Canvas is a set top specification that is being pursued by the BBC and its partners ITV, BT and Channel Five plus unnamed technical collaborators thought to be Cisco, Thomson, Humax, Adobe, NDS and Blinkx. The Digital TV Group (DTG) is made up of all these organizations plus 140 other companies in the TV technology market, taking in broadcasters, manufacturers, platform operators, retailers, trade bodies and consumer groups.
Canvas is just one design of set top which will launch this year to allow video to be sent over the internet as well as DVB-T Freeview broadcast programming, running side by side. Other similar designs have included one called HbbTV, which more or less has support from all over Europe, as well as technical specifications that have been presented by the DTG. The DTG is now concerned that it is going to be left in the cold, and not consulted by the BCC on some of the finer technical points, and that all the manufacturers in its membership will have to play catch up with the BBC partners.
The BBC has been a technology “king maker” in the past, for instance when it chose a PC manufacturer to work with exclusively, and tends to do this without any regard to how much it upsets UK technology competition. The BBC Trust has a mission to make sure that BCC initiatives don’t distort either the broadcasting or supplier markets, and although it has agreed in principal that Canvas can go ahead, it has final sign off this Spring, after it has considered feedback from the community. This last bit of feedback from the DTG has the power to derail the entire project, leaving the UK out on its own in not using HbbTV, and yet without nothing similar, and it is likely that the BBC Trust will take it very seriously.
The DTG said that its membership continues to raise concerns regarding the Canvas project, especially regarding the Canvas Joint Venture’s commitment to engage with the industry. “While many of our members will provide individual responses to the Trust’s consultation, a significant number have urged the DTG in the strongest possible terms to urgently seek clarification or additional commitments from the Trust on a number of points before final approval of the Canvas Proposals is granted.”
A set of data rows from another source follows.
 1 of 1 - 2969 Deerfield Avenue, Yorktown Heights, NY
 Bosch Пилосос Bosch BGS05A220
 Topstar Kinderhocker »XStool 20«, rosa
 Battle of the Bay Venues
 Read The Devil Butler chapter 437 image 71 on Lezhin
The way the Trust has worded its assent to Canvas it looks like the BBC can get away with paying lip service to listening to the industry and then come out with its own, different design, and just say it had a deadline and there were too many changes for it to take them all on board. The Canvas team is desperate to get hardware out by the Autumn.
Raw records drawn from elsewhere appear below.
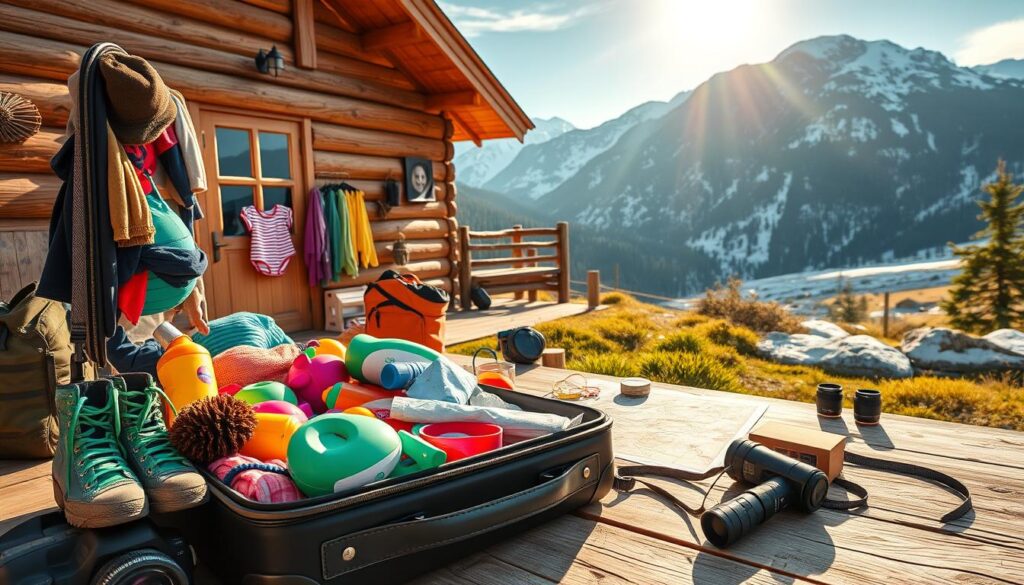 packliste nächsten familienurlaub packliste nächsten familienurlaub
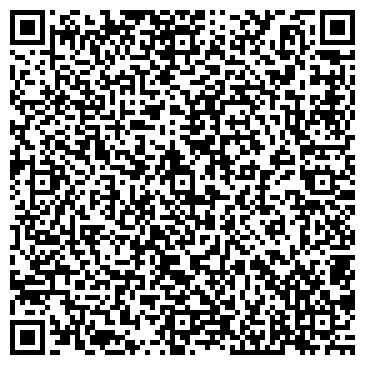 QR-код с контактной информацией организации ООО ПримаМедика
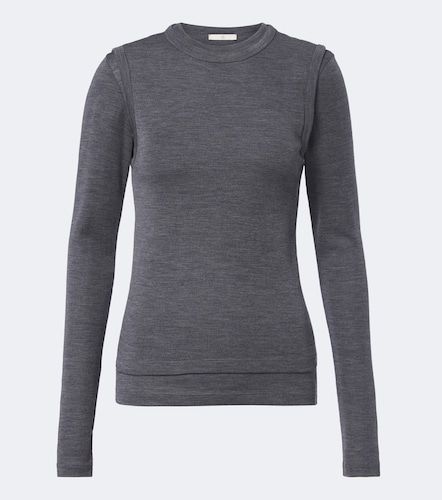 Róhe Pullover in lana - Rohe - Modalova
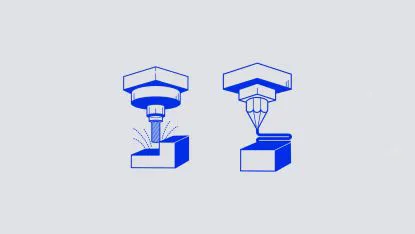 phpthumb_generated_thumbnail-1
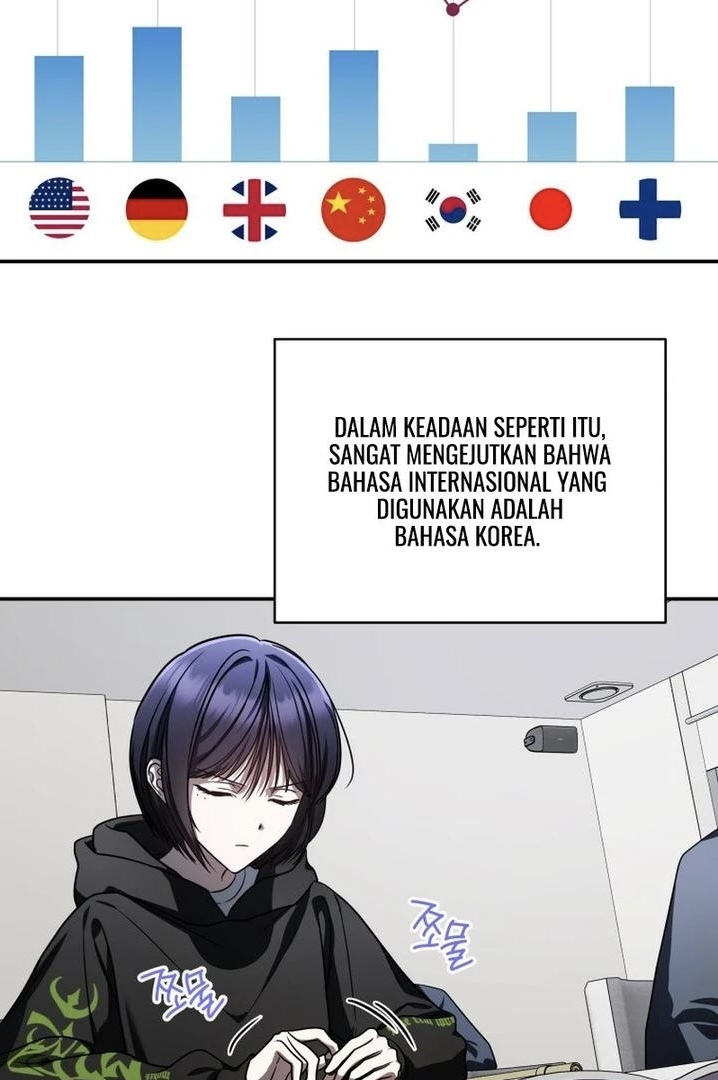 Chapter 21 - halaman 5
The DTG says that its members have noticed a parallel process in place, whereby the joint venture partners are trying to differentiate Canvas so they have a head start, and a negotiation with the DTG which is separate, specifying a different approach. There are also worried about who will end up getting royalties from the finished project design.
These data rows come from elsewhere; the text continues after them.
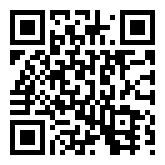 http://www.52ln.com/post/251.html
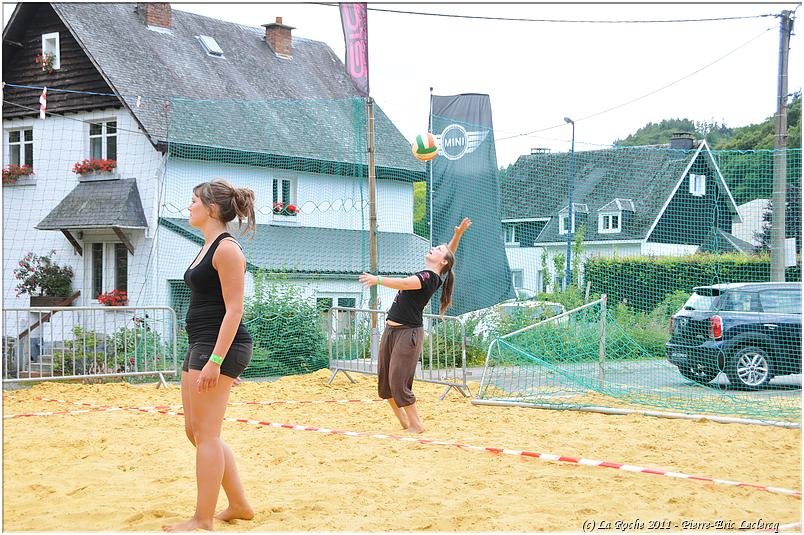 beach_volley_2011 (6)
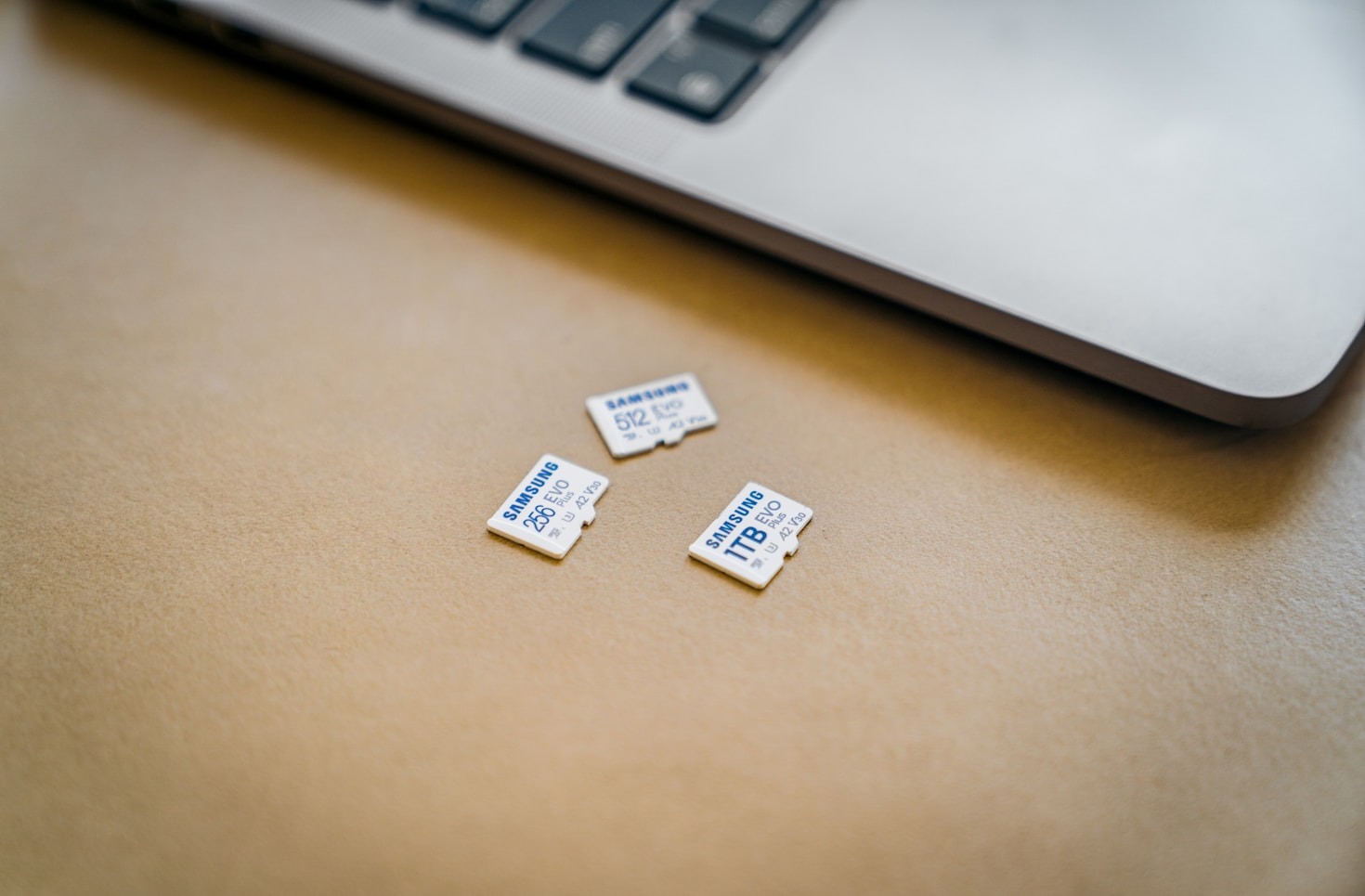 How Collaborative Bookmarking Improves Productivity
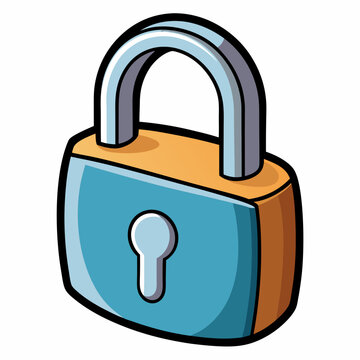 recommend clip art: lock and key isolated on white, realistic lock vector illustration, realistic lock vector art, lock silhouette, lock vector icon, lock line art,eps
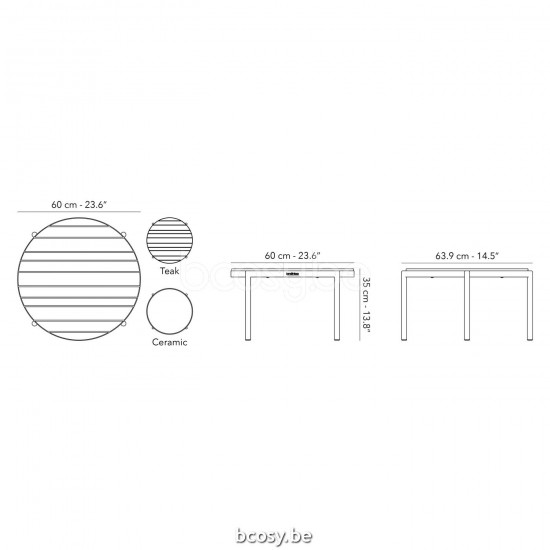 Jardinico FUVOLST06S-A01-K01 Jardinico FUVOL-A01-K01 Jardinico JAR-VOLTE-A01-K01 Jardinico VOLTE--Ø60-A01-K01 Jardinico JD-VOLTE-A01-K01.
There will probably eventually be 10 million or more Canvas devices shipped in the UK, once the specification is set, and those suppliers that get a head start will go on to dominate manufacture for some time to come. The DTG says that issues remain with how the IP protocol is implemented, how the User Interface is built, what metadata the system uses and how things like what’s on each channel TV, are sourced. In past Freeview specifications the DTG has been involved throughout and is already working on a 3D technical standard for UK TV.